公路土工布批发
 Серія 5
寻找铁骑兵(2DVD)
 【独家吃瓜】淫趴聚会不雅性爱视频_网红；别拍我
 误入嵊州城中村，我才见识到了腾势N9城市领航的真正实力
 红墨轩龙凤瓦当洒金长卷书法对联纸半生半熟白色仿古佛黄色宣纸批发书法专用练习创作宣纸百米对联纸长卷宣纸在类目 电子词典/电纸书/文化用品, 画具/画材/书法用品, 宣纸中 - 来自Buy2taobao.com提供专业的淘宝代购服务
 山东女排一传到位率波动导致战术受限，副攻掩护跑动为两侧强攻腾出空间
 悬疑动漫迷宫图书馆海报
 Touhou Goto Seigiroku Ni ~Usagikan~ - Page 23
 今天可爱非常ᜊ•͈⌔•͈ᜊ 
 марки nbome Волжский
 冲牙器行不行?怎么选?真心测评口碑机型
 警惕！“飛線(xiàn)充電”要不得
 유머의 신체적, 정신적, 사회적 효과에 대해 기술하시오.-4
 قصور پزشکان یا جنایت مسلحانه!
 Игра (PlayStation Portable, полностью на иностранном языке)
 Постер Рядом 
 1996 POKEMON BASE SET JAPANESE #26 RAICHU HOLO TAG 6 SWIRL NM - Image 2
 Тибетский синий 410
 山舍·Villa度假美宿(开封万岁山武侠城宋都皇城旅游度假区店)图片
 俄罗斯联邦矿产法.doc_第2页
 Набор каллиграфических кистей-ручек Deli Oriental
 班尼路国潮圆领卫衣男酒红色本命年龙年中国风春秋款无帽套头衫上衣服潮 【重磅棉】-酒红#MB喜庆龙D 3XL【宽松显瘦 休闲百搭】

> _The task_: Nothing but the lines from the one with "俄罗斯联邦矿产法.doc_第2页" through the last line of the entries should be repeated, and those exactly.

> _Written response_:
 俄罗斯联邦矿产法.doc_第2页
 Набор каллиграфических кистей-ручек Deli Oriental
 班尼路国潮圆领卫衣男酒红色本命年龙年中国风春秋款无帽套头衫上衣服潮 【重磅棉】-酒红#MB喜庆龙D 3XL【宽松显瘦 休闲百搭】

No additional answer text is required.